Being “brave” looks different to different people and as occupational therapists (OTs) we get the honor of seeing what brave looks like, every single day. I won’t share details of this particular photo now but suffice it to say, this little friend accomplished something BIG in his world on this day! (Photo shared with permission.)

As OTs we also have the challenge of finding ways to bring out the brave! When clients feel safe enough to tackle whatever the next level challenge might be for them in that moment, they find the internal drive to TRY. When clients (specifically children) don’t feel safe or able, they disengage, give up or find ways to avoid. Everyday tasks like eating, talking, using the toilet, getting dressed, going for a walk outside, even playing with toys or other people or on playground equipment aren’t things that many people think of as challenging. Yet, when things like autism or trauma or genetic disorders or sensory processing challenges present themselves, these everyday tasks can feel daunting and truly scary, or near impossible.

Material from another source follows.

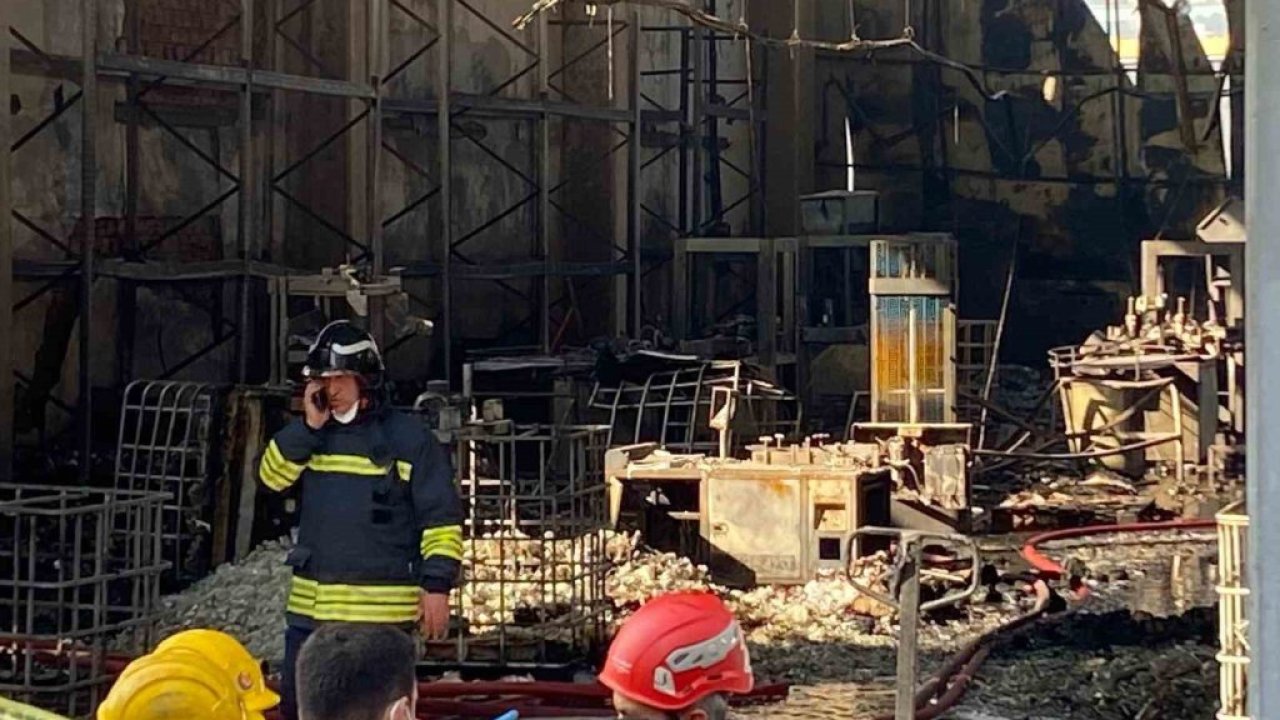 Kocaeli'deki yangında hayatını kaybedenlerin kimlikleri belli oldu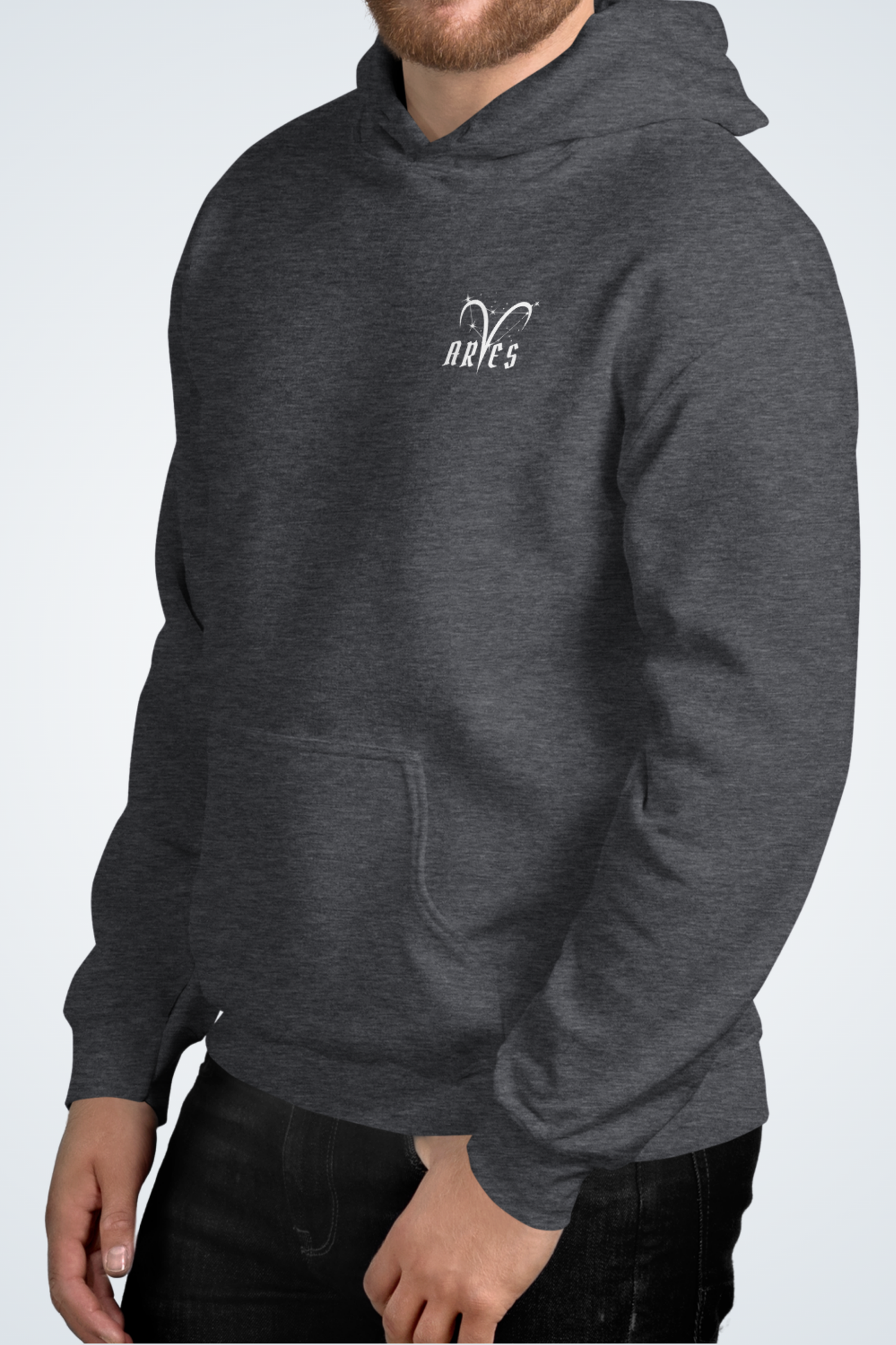Unisex-Kapuzenpullover ARIES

Many times it takes bravery AND help to facilitate function. And when we can create an experience for a child that allows them to WANT to engage and to try hard things along with the range of adaptations and/or assistance we provide, some level of success is inevitable. Our unique challenge as OTs (and parents) is to intuit the perception and viewpoint of the child and use skills of task analysis to break down and modify the how AND the what of “doing” and to then use our relationship along with this knowledge base to support growing capacity and that desire to try. HOW we do things and WHAT the activity is, have a direct impact on a child’s “neuroception;” the neural process distinct from perception, that determines the subconscious assessment of threat or safety (Porges & Dana, 2018). Neuroception then influences a child’s perceived demands of a task… ALL leading a child closer to or further away from engagement and interaction and thus function. i.e. what a child sees, hears, feels AND the subconscious and conscious meaning they ascribe to that experience based on their own prior and current experience will determine willingness (and ability) to try.

Success or trying for success can take…

  • going slowly and carefully,
  • spending many sessions where you aren’t sure you’re getting somewhere,
  • being able to see tiny tiny steps of progress,
  • good teamwork with families,
  • letting go of expectations in the moment (not long term),
  • ongoing on the spot creativity,
  • avoiding power struggles,
  • LOTS of repetition,
  • trial and error,
  • collaboration with other disciplines,
  • time,
  • patience,
  • trust…in yourself, in your client, and in the other people involved

This list is not exhaustive and these are all things that are difficult to quantify/measure/teach. If you don’t have them, do NOT be discouraged and don’t worry! I don’t have them all the time; none of us do. We are human! I share this list to articulate certain variables that therapists or parents may consider when attempting to understand, interact, or intervene. However, when these variables or aspects of therapy do combine with our unique OT skill set, to create the “just right fit” you might get to see something like the little face above; aka pride, excitement, hope, possibility, JOY!

THIS is what bravery (and trying) looks like! I’ve seen a LOT of brave (and a lot of flushing toilets) lately and I can tell you, it’s inspiring!

Porges, Stephen W. & Dana, Deb A. (2018). Clinical Applications of the Polyvagal Theory: The Emergence of Polyvagal-Informed Therapies (Norton Series on Interpersonal Neurobiology) 1st Edition. W.W. Norton & Company. NY USA.